### Description of the task
Transcribe the listing underneath, keeping each word exact and omitting the images.

### Material for this exercise
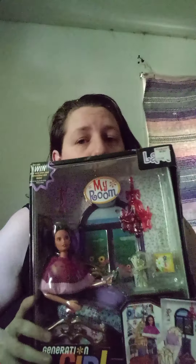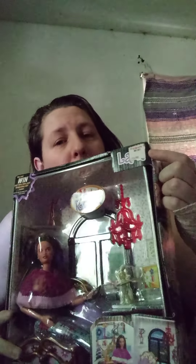This finally arrived today from my Amazon haul. I have been wanting her for 20 years, and now I finally have her. This is the My Room edition of Laura from the Generation Girls. She even still has her KB Toys price tag sticker up here in the corner — only $22.99. And that was money back then. That really was.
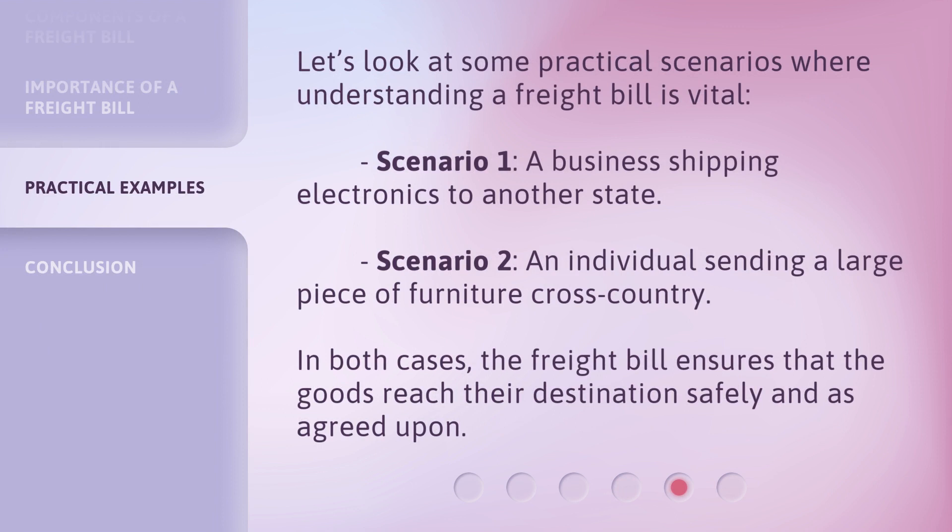Let's look at some practical scenarios where understanding a freight bill is vital. Scenario one: a business shipping electronics to another state. Scenario two: an individual sending a large piece of furniture cross-country. In both cases, the freight bill ensures that the goods reach their destinations safely and as agreed upon.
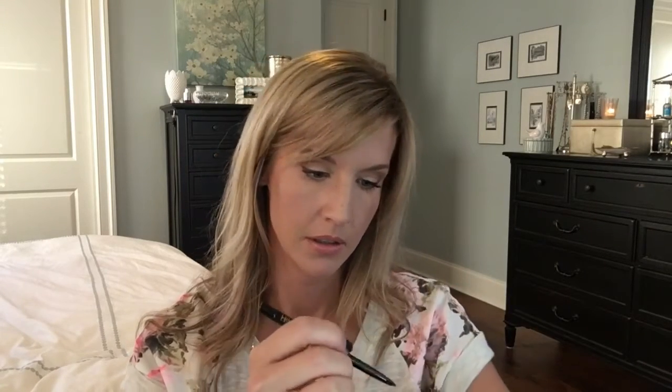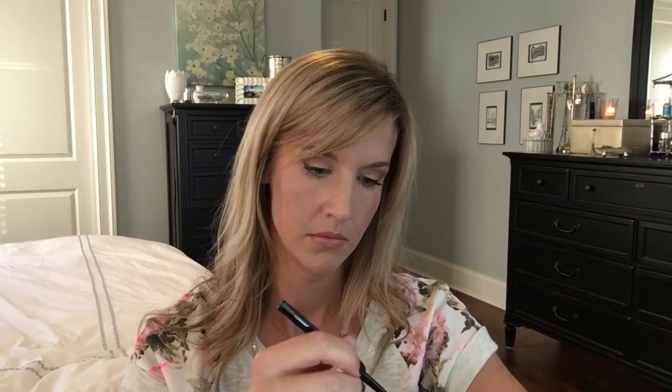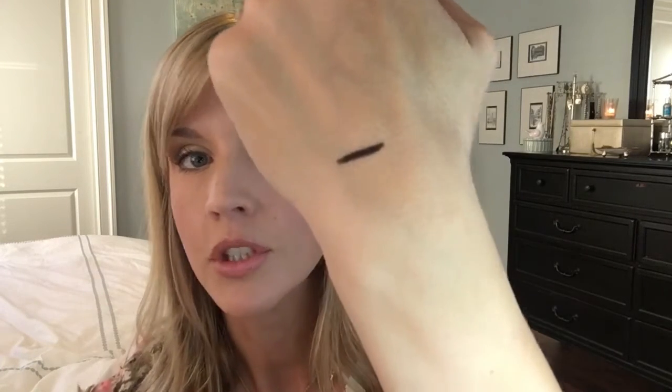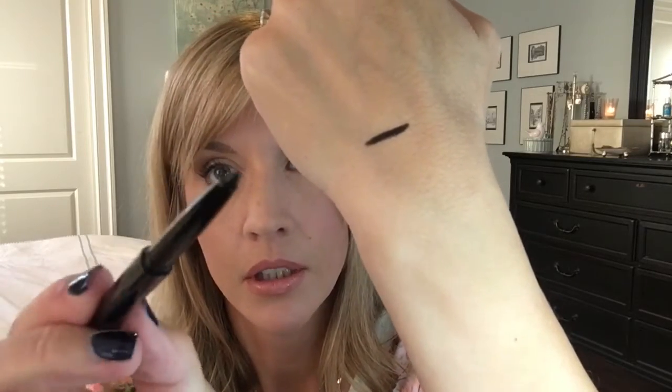And next we have Hikari eyeliner in Raven. I'm not familiar with this brand at all. Let's open it and look at it. Boy, they seal these things really well. Okay, so this is a twist up eyeliner — just a basic black twist up eyeliner.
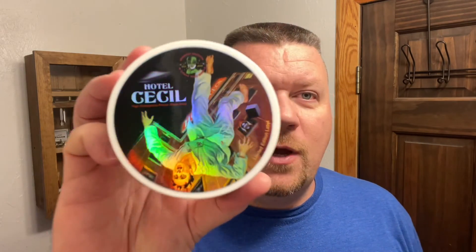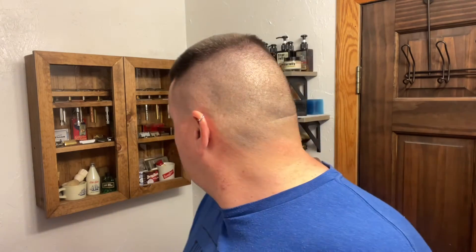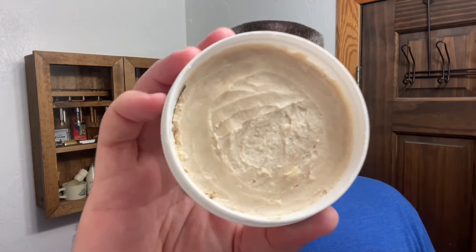I'm already taking the cap off the next one. So the next one is Hotel Cecil. And this is another homage to another soap — matter of fact, I've got it right here: the old Burma Shave. And I like this one better. I really do. And you can tell I've used this one a lot.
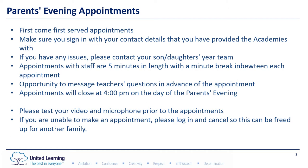Subject staff do get booked up very quickly, so do make sure you're very clear with your son or daughter who the teaching staff are that you would like to see. When you sign into the Schoolcloud system, make sure you use the contact details that you've provided us at the academies with. If there's anything you would like changing, please do get in touch with your son or daughter's year team.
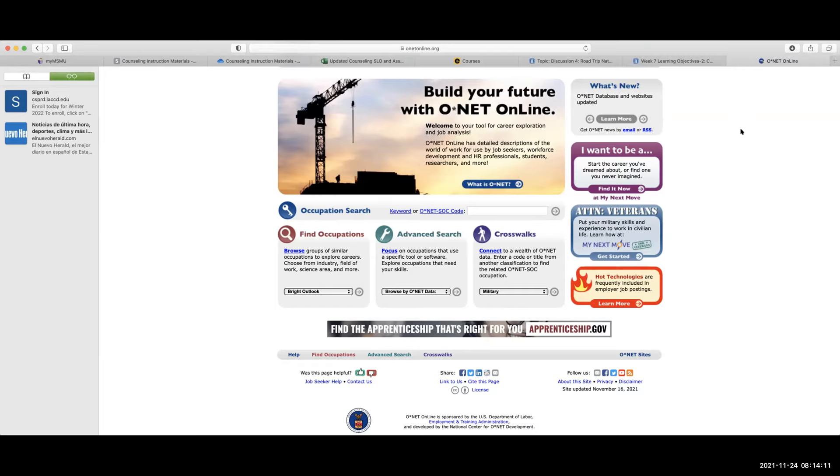Hello again class. I just wanted to briefly show you how you can look at labor market trends and what careers are going to have a bright outlook — meaning there's going to be a lot of openings for these kinds of careers, depending on where you're looking. We spent the last four weeks going through career exploration and we used this website, O*NET.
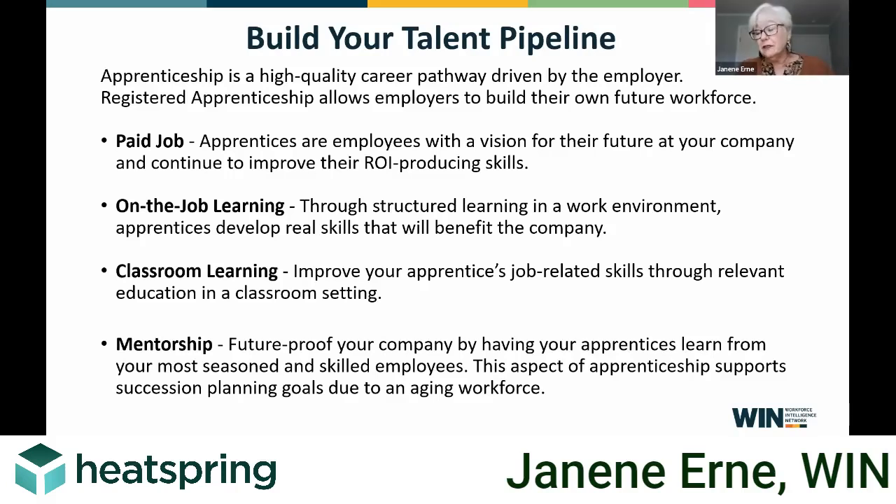The biggest part of it is the mentorship — passing that institutional knowledge down from your long-term experts, your electricians, whatever they are, to this new generation, so that you can have that planning in place before you lose them and there's no one to pass that knowledge on to.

### Written solution
This finally arrived today from my Amazon haul. I have been wanting her for 20 years, and now I finally have her. This is the My Room edition of Laura from the Generation Girls. She even still has her KB Toys price tag sticker up here in the corner — only $22.99. And that was money back then. That really was.
Let's look at some practical scenarios where understanding a freight bill is vital. Scenario one: a business shipping electronics to another state. Scenario two: an individual sending a large piece of furniture cross-country. In both cases, the freight bill ensures that the goods reach their destinations safely and as agreed upon.
And next we have Hikari eyeliner in Raven. I'm not familiar with this brand at all. Let's open it and look at it. Boy, they seal these things really well. Okay, so this is a twist up eyeliner — just a basic black twist up eyeliner.
I'm already taking the cap off the next one. So the next one is Hotel Cecil. And this is another homage to another soap — matter of fact, I've got it right here: the old Burma Shave. And I like this one better. I really do. And you can tell I've used this one a lot.
Subject staff do get booked up very quickly, so do make sure you're very clear with your son or daughter who the teaching staff are that you would like to see. When you sign into the Schoolcloud system, make sure you use the contact details that you've provided us at the academies with. If there's anything you would like changing, please do get in touch with your son or daughter's year team.
Hello again class. I just wanted to briefly show you how you can look at labor market trends and what careers are going to have a bright outlook — meaning there's going to be a lot of openings for these kinds of careers, depending on where you're looking. We spent the last four weeks going through career exploration and we used this website, O*NET.
The biggest part of it is the mentorship — passing that institutional knowledge down from your long-term experts, your electricians, whatever they are, to this new generation, so that you can have that planning in place before you lose them and there's no one to pass that knowledge on to.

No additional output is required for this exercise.